(Recorded data)
<<<<
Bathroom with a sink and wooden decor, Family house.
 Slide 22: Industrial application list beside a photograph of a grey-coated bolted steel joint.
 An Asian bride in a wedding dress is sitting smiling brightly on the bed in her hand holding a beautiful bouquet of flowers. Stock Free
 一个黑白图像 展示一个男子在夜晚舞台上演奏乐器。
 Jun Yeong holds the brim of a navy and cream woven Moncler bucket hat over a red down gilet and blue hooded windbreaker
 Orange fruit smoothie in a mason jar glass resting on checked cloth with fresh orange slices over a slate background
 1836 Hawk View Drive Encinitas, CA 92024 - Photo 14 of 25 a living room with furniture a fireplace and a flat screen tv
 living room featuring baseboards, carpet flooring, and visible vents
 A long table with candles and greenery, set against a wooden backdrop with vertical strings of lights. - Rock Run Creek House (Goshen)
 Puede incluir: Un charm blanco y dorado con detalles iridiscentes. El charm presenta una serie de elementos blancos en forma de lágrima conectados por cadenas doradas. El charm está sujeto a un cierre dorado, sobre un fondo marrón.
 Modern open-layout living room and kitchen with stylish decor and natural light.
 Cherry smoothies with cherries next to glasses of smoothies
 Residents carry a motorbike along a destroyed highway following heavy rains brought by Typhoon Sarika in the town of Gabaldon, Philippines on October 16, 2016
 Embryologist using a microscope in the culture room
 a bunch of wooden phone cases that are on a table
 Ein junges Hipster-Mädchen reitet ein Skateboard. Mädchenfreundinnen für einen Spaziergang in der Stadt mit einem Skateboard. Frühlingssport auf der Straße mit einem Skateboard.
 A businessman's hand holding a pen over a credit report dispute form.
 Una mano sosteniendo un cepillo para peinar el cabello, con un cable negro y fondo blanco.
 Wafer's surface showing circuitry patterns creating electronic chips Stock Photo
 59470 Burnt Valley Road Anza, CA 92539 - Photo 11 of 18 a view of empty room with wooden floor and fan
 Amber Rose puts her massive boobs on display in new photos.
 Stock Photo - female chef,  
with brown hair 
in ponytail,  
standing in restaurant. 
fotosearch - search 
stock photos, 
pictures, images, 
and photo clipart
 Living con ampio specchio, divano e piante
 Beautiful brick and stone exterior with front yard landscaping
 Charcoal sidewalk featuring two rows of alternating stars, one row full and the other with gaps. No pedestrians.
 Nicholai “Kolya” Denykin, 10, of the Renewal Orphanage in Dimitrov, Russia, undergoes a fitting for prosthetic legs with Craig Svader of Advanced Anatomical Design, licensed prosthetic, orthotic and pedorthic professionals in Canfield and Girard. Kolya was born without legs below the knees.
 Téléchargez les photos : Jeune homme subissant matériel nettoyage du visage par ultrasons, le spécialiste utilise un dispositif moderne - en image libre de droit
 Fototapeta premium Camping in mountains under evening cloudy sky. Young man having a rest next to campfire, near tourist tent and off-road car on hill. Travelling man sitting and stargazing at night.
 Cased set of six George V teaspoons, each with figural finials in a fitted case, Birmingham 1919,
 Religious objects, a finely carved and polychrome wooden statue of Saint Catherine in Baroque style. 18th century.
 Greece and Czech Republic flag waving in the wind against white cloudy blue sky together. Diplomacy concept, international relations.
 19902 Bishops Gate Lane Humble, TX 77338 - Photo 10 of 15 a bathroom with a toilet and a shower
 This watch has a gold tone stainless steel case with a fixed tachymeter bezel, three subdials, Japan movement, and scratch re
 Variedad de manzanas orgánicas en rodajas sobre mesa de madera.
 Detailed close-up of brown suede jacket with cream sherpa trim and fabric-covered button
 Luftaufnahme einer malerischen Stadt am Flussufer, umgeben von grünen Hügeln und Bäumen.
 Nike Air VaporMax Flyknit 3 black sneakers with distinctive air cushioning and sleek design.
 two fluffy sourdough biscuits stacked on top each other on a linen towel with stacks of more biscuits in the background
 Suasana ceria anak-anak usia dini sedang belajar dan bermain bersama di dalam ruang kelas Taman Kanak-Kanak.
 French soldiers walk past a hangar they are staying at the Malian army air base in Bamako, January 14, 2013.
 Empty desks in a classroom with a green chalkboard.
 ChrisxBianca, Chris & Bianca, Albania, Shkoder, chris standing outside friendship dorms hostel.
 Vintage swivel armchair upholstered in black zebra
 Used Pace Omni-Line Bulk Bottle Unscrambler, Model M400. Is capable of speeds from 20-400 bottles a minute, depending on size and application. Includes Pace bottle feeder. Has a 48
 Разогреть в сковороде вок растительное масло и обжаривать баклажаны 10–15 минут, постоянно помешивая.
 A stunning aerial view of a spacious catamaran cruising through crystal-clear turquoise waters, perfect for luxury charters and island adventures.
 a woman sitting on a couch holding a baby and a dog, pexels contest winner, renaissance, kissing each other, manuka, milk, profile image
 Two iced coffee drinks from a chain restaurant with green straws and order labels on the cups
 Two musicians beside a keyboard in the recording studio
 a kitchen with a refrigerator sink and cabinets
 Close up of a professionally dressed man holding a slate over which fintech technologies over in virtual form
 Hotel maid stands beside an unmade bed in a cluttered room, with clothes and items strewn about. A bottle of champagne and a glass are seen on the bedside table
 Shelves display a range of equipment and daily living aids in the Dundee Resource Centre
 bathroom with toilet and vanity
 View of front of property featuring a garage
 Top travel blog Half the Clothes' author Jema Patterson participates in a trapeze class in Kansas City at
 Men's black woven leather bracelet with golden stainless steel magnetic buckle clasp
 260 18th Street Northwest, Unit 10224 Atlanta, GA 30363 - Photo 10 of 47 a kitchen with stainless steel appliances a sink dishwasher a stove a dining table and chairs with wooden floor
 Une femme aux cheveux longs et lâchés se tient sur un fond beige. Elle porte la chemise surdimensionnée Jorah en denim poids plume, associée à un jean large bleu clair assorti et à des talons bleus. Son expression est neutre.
>>>>
(Directions for this task):
For this exercise, output all the data exactly as shown above.

(The answer):
Bathroom with a sink and wooden decor, Family house.
 Slide 22: Industrial application list beside a photograph of a grey-coated bolted steel joint.
 An Asian bride in a wedding dress is sitting smiling brightly on the bed in her hand holding a beautiful bouquet of flowers. Stock Free
 一个黑白图像 展示一个男子在夜晚舞台上演奏乐器。
 Jun Yeong holds the brim of a navy and cream woven Moncler bucket hat over a red down gilet and blue hooded windbreaker
 Orange fruit smoothie in a mason jar glass resting on checked cloth with fresh orange slices over a slate background
 1836 Hawk View Drive Encinitas, CA 92024 - Photo 14 of 25 a living room with furniture a fireplace and a flat screen tv
 living room featuring baseboards, carpet flooring, and visible vents
 A long table with candles and greenery, set against a wooden backdrop with vertical strings of lights. - Rock Run Creek House (Goshen)
 Puede incluir: Un charm blanco y dorado con detalles iridiscentes. El charm presenta una serie de elementos blancos en forma de lágrima conectados por cadenas doradas. El charm está sujeto a un cierre dorado, sobre un fondo marrón.
 Modern open-layout living room and kitchen with stylish decor and natural light.
 Cherry smoothies with cherries next to glasses of smoothies
 Residents carry a motorbike along a destroyed highway following heavy rains brought by Typhoon Sarika in the town of Gabaldon, Philippines on October 16, 2016
 Embryologist using a microscope in the culture room
 a bunch of wooden phone cases that are on a table
 Ein junges Hipster-Mädchen reitet ein Skateboard. Mädchenfreundinnen für einen Spaziergang in der Stadt mit einem Skateboard. Frühlingssport auf der Straße mit einem Skateboard.
 A businessman's hand holding a pen over a credit report dispute form.
 Una mano sosteniendo un cepillo para peinar el cabello, con un cable negro y fondo blanco.
 Wafer's surface showing circuitry patterns creating electronic chips Stock Photo
 59470 Burnt Valley Road Anza, CA 92539 - Photo 11 of 18 a view of empty room with wooden floor and fan
 Amber Rose puts her massive boobs on display in new photos.
 Stock Photo - female chef,  
with brown hair 
in ponytail,  
standing in restaurant. 
fotosearch - search 
stock photos, 
pictures, images, 
and photo clipart
 Living con ampio specchio, divano e piante
 Beautiful brick and stone exterior with front yard landscaping
 Charcoal sidewalk featuring two rows of alternating stars, one row full and the other with gaps. No pedestrians.
 Nicholai “Kolya” Denykin, 10, of the Renewal Orphanage in Dimitrov, Russia, undergoes a fitting for prosthetic legs with Craig Svader of Advanced Anatomical Design, licensed prosthetic, orthotic and pedorthic professionals in Canfield and Girard. Kolya was born without legs below the knees.
 Téléchargez les photos : Jeune homme subissant matériel nettoyage du visage par ultrasons, le spécialiste utilise un dispositif moderne - en image libre de droit
 Fototapeta premium Camping in mountains under evening cloudy sky. Young man having a rest next to campfire, near tourist tent and off-road car on hill. Travelling man sitting and stargazing at night.
 Cased set of six George V teaspoons, each with figural finials in a fitted case, Birmingham 1919,
 Religious objects, a finely carved and polychrome wooden statue of Saint Catherine in Baroque style. 18th century.
 Greece and Czech Republic flag waving in the wind against white cloudy blue sky together. Diplomacy concept, international relations.
 19902 Bishops Gate Lane Humble, TX 77338 - Photo 10 of 15 a bathroom with a toilet and a shower
 This watch has a gold tone stainless steel case with a fixed tachymeter bezel, three subdials, Japan movement, and scratch re
 Variedad de manzanas orgánicas en rodajas sobre mesa de madera.
 Detailed close-up of brown suede jacket with cream sherpa trim and fabric-covered button
 Luftaufnahme einer malerischen Stadt am Flussufer, umgeben von grünen Hügeln und Bäumen.
 Nike Air VaporMax Flyknit 3 black sneakers with distinctive air cushioning and sleek design.
 two fluffy sourdough biscuits stacked on top each other on a linen towel with stacks of more biscuits in the background
 Suasana ceria anak-anak usia dini sedang belajar dan bermain bersama di dalam ruang kelas Taman Kanak-Kanak.
 French soldiers walk past a hangar they are staying at the Malian army air base in Bamako, January 14, 2013.
 Empty desks in a classroom with a green chalkboard.
 ChrisxBianca, Chris & Bianca, Albania, Shkoder, chris standing outside friendship dorms hostel.
 Vintage swivel armchair upholstered in black zebra
 Used Pace Omni-Line Bulk Bottle Unscrambler, Model M400. Is capable of speeds from 20-400 bottles a minute, depending on size and application. Includes Pace bottle feeder. Has a 48
 Разогреть в сковороде вок растительное масло и обжаривать баклажаны 10–15 минут, постоянно помешивая.
 A stunning aerial view of a spacious catamaran cruising through crystal-clear turquoise waters, perfect for luxury charters and island adventures.
 a woman sitting on a couch holding a baby and a dog, pexels contest winner, renaissance, kissing each other, manuka, milk, profile image
 Two iced coffee drinks from a chain restaurant with green straws and order labels on the cups
 Two musicians beside a keyboard in the recording studio
 a kitchen with a refrigerator sink and cabinets
 Close up of a professionally dressed man holding a slate over which fintech technologies over in virtual form
 Hotel maid stands beside an unmade bed in a cluttered room, with clothes and items strewn about. A bottle of champagne and a glass are seen on the bedside table
 Shelves display a range of equipment and daily living aids in the Dundee Resource Centre
 bathroom with toilet and vanity
 View of front of property featuring a garage
 Top travel blog Half the Clothes' author Jema Patterson participates in a trapeze class in Kansas City at
 Men's black woven leather bracelet with golden stainless steel magnetic buckle clasp
 260 18th Street Northwest, Unit 10224 Atlanta, GA 30363 - Photo 10 of 47 a kitchen with stainless steel appliances a sink dishwasher a stove a dining table and chairs with wooden floor
 Une femme aux cheveux longs et lâchés se tient sur un fond beige. Elle porte la chemise surdimensionnée Jorah en denim poids plume, associée à un jean large bleu clair assorti et à des talons bleus. Son expression est neutre.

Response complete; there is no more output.